> **DATA EXCERPTS**:
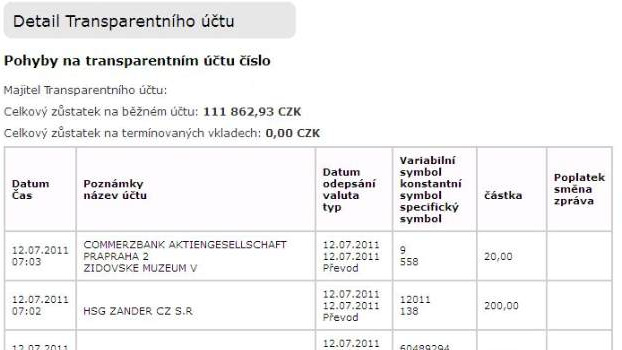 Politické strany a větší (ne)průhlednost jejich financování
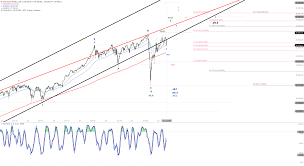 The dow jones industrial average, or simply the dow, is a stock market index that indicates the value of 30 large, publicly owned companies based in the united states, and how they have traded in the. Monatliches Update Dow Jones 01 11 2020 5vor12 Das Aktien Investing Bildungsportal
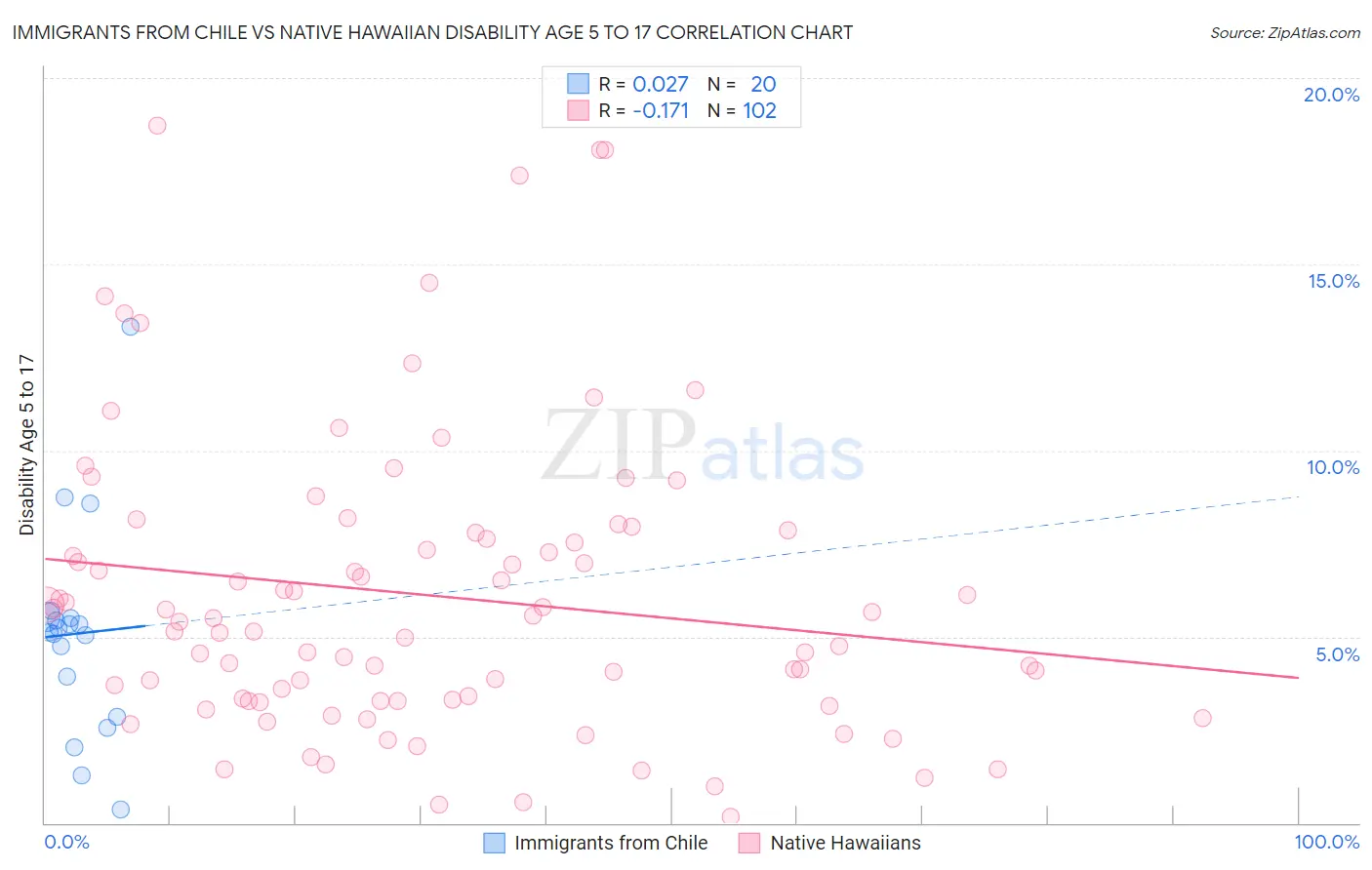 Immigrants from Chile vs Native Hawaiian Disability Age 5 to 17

--

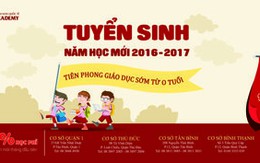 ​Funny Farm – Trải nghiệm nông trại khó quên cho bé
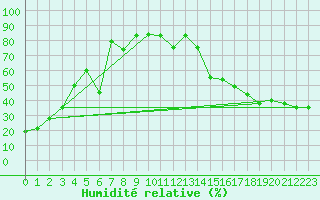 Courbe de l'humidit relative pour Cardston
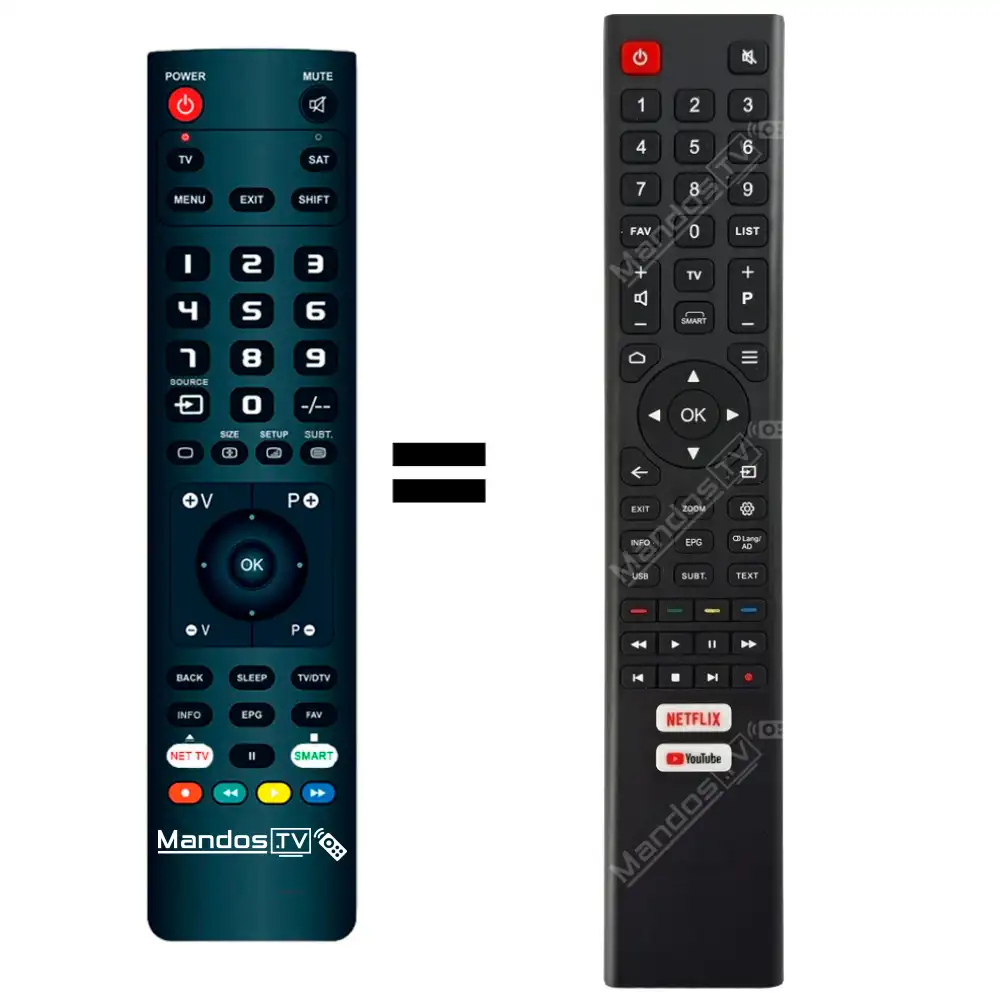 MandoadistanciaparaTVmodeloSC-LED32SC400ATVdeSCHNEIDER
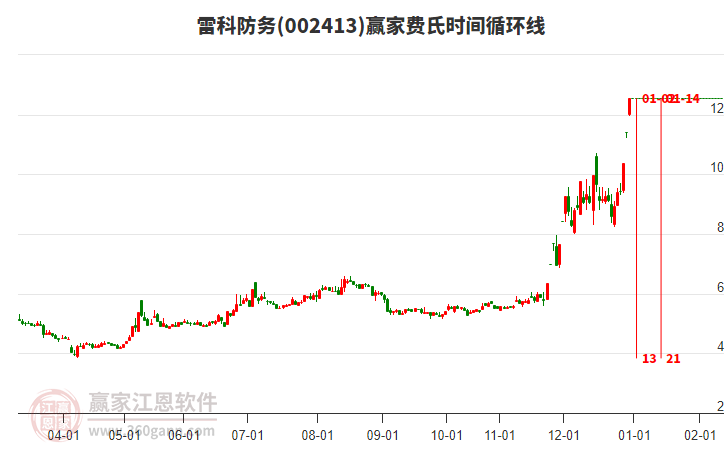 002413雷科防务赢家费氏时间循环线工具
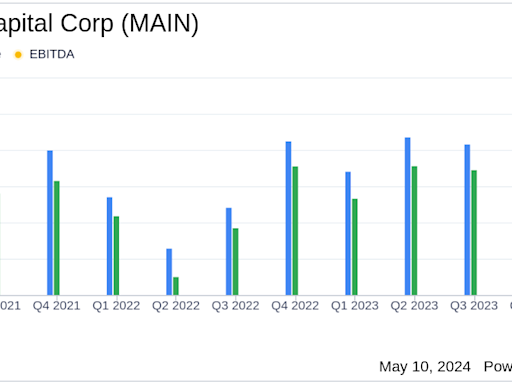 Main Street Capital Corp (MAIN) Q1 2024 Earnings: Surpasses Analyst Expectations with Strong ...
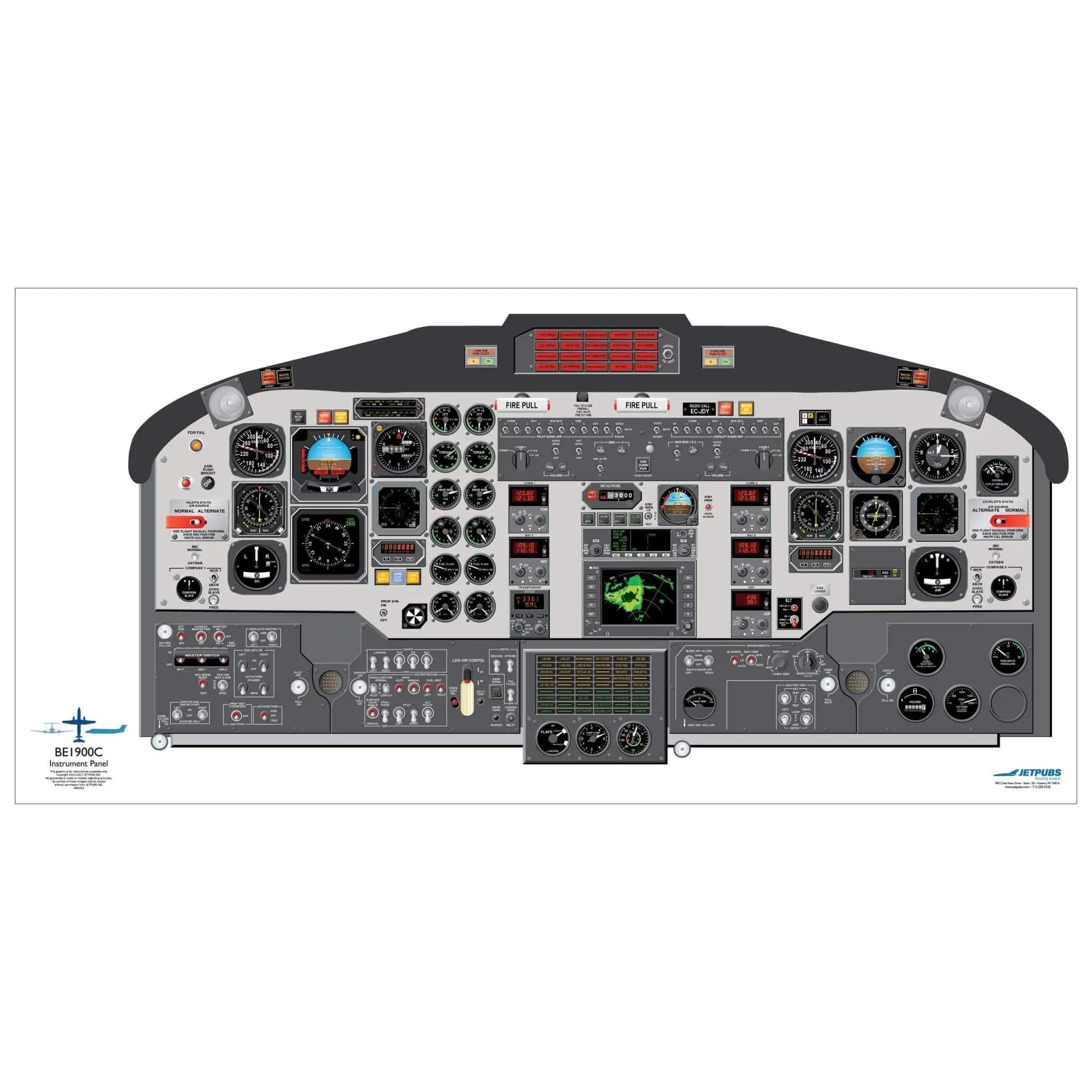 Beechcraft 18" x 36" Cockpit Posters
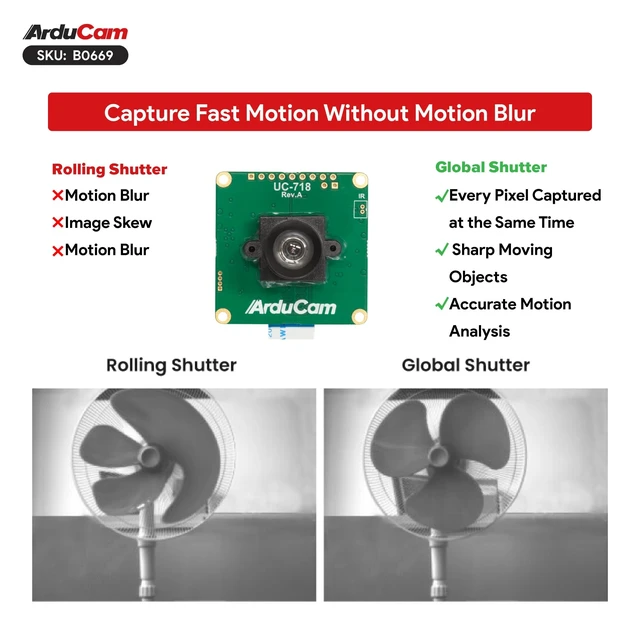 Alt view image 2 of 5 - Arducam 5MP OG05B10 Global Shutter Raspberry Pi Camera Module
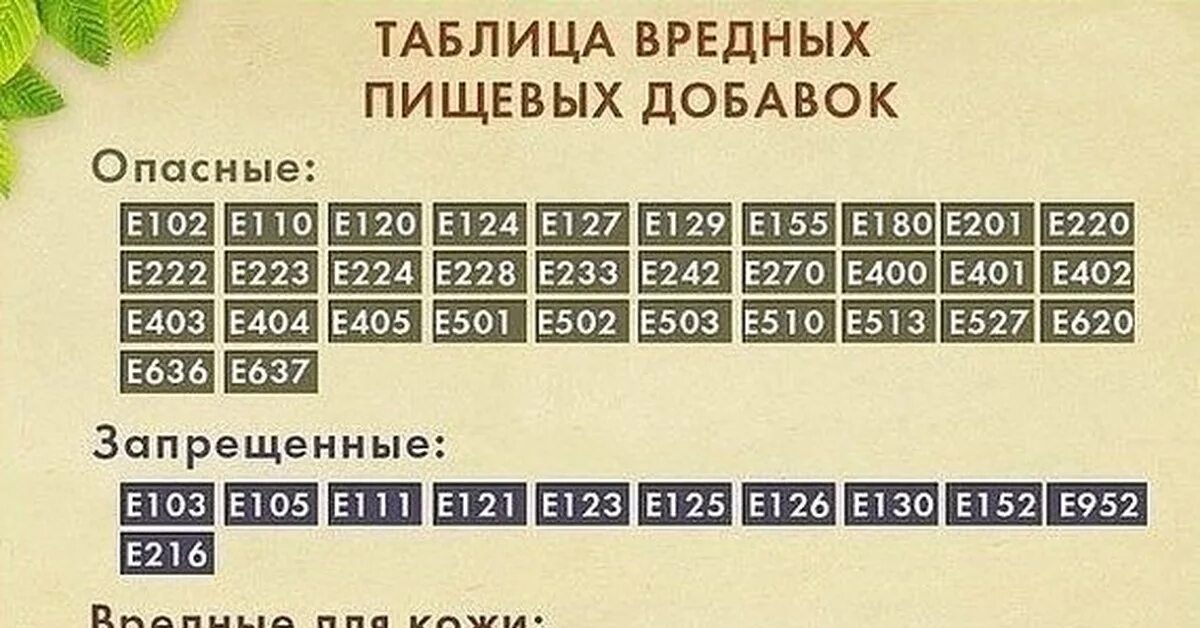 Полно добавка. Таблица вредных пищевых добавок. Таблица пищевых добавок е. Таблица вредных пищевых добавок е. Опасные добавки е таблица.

--

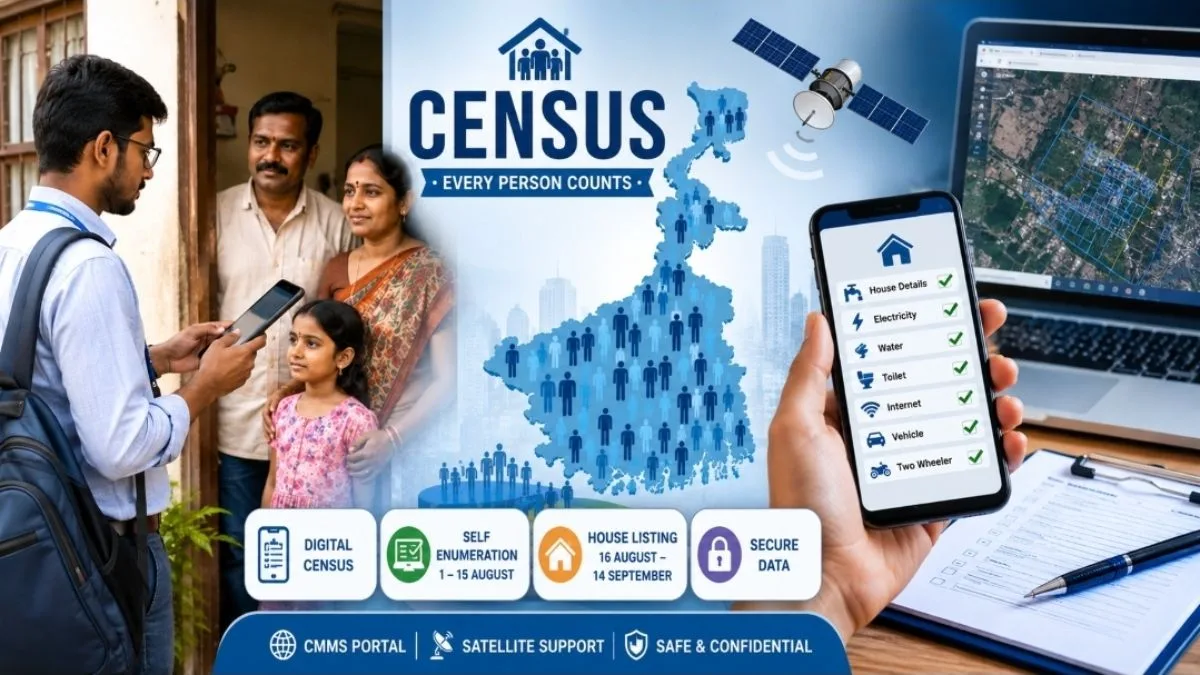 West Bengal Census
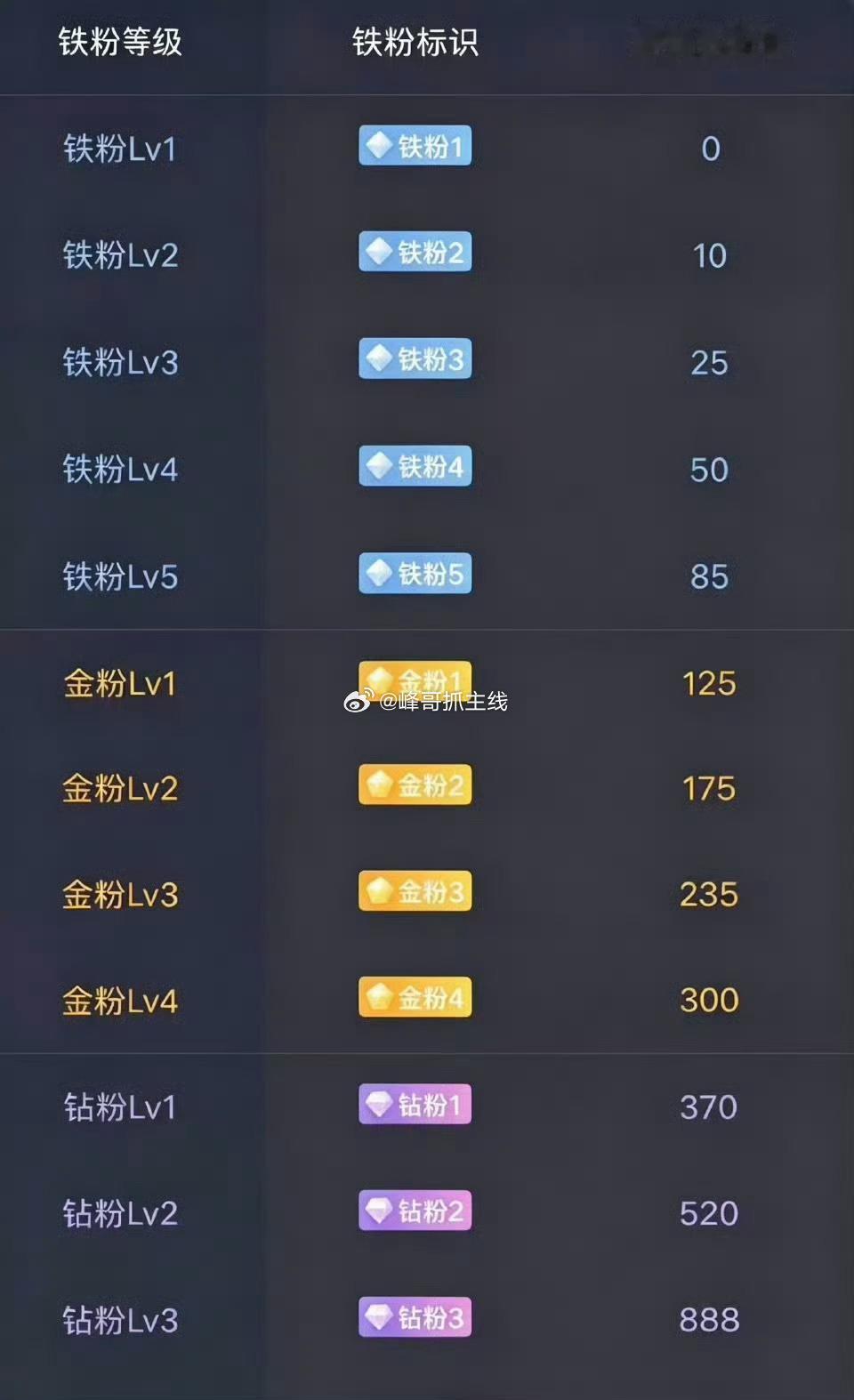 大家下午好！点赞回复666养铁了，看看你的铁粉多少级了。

> **WORK INSTRUCTIONS**: Write back word for word every line in the entries above from the one with "Main Street Capital" to the one with "Полно добавка. Таблица", ends included, and none of the pictures.

> **ANSWER**:
 Main Street Capital Corp (MAIN) Q1 2024 Earnings: Surpasses Analyst Expectations with Strong ...
 Beechcraft 18" x 36" Cockpit Posters
 Alt view image 2 of 5 - Arducam 5MP OG05B10 Global Shutter Raspberry Pi Camera Module
 Полно добавка. Таблица вредных пищевых добавок. Таблица пищевых добавок е. Таблица вредных пищевых добавок е. Опасные добавки е таблица.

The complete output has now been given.